Vertikutieren oder Lüften

Zuerst einmal sollte angemerkt werden, dass es sich beim Vertikutieren um ein intensiveres Lüften des Rasens handelt, denn immerhin wird hier die Grasnarbe angeritzt. Mulch und Moos sowie eventuell im Gras befindliche Laubreste werden so entfernt. Der Boden kann nun wieder atmen und auch Nährstoffe aufnehmen, so dass sich gerade nach dem Vertikutieren bzw. Lüften auch ein Düngen des Rasens empfiehlt. Zusätzlich empfiehlt es sich natürlich, auch für eine ausreichende Bewässerung zu sorgen, damit der Rasen eine schöne satte Farbe erhält und schön dicht nachwachsen kann. Gerade nach dem Vertikutieren oder Lüften ist aber auch der beste Zeitpunkt für eine Nachsaat, denn nun ist der Boden optimal vorbereitet und der Samen findet beste Bedingungen vor.

Bezeichnung und historischer Hintergrund des Vertikutierens?

Die Bezeichnung „vertikutieren“ leitet sich aus dem englischen Sprachgebrauch ab, wobei hier die beiden Worte „vertical“ (für vertikal oder senkrecht) und to cut (für schneiden) benutzt wurden, um das Wort „vertikutieren“ zu schaffen. Dabei wurde das Verfahren als solches im Jahre 1955 ebenfalls von Thomas Mascaro entwickelt. Dieser erfand bereits 1946 auch das Verfahren des Aerifizierens, bei dem es sich um eine reine Belüftung des Bodens oder des Rasens handelt. Das Vertikutieren ist praktisch eine weiterentwickelte und intensivere Form, denn hier wird der Boden nicht nur belüftet, sondern gleichzeitig auch gereinigt.
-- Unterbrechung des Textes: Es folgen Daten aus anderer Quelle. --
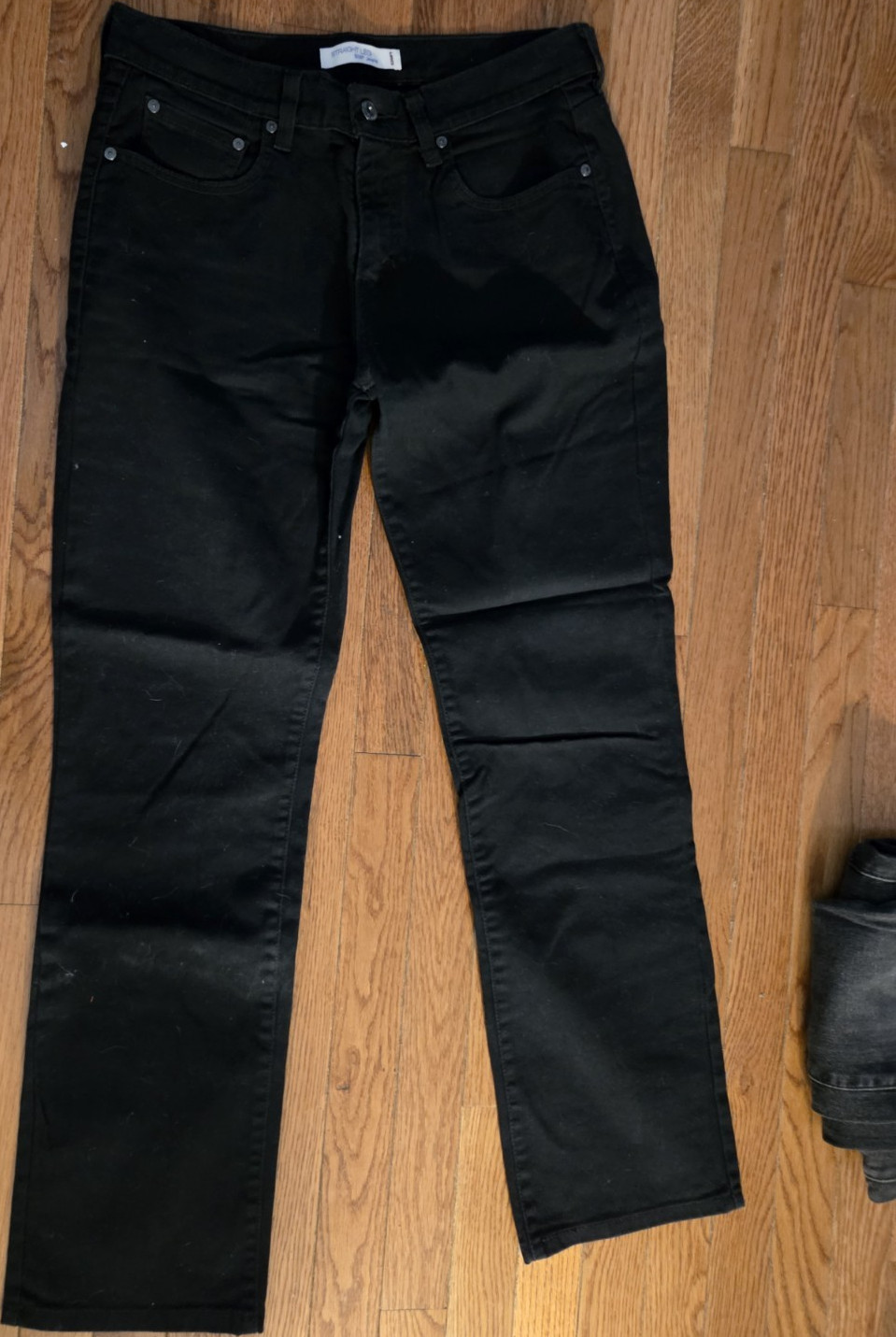 Levi's Women's Straight Black Denim Jeans Cotton Spandex Stretch 5-Pocket Sive 8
Wann ist der beste Zeitpunkt zum Vertikutieren oder Lüften?

Grundsätzlich empfehlen viele Gärtner oder auch Hobby-Gärtner das Vertikutieren im Frühling, denn gerade in den Monaten April oder Mai ist die Regenrationsfähigkeit des Bodens und auch des Rasens natürlich am größten. Trotzdem spricht aber auch nichts gegen ein Vertikutieren im Sommer oder gar im Herbst, denn gerade nach einem langen kalten und vor allem schneereichen Winter kann es sinnvoll sein, den Rasen noch einmal zusätzlich zu vertikutieren, um Schäden vorzubeugen. Das gleiche gilt analog, wenn der Rasen über Jahre hinweg vernachlässigt wurde. Auch dann kann es sinnvoll sein, noch einmal bis zweimal mehr zu vertikutieren, um das Gras richtig von unerwünschten Kräutern oder gar altem Schnittgut zu reinigen. Gelüftet werden kann der Rasen dagegen jederzeit, so dass hier manche Gärtner und Hobby-Gärtner sogar wöchentlich oder aller 14 Tage zum Aerator greifen.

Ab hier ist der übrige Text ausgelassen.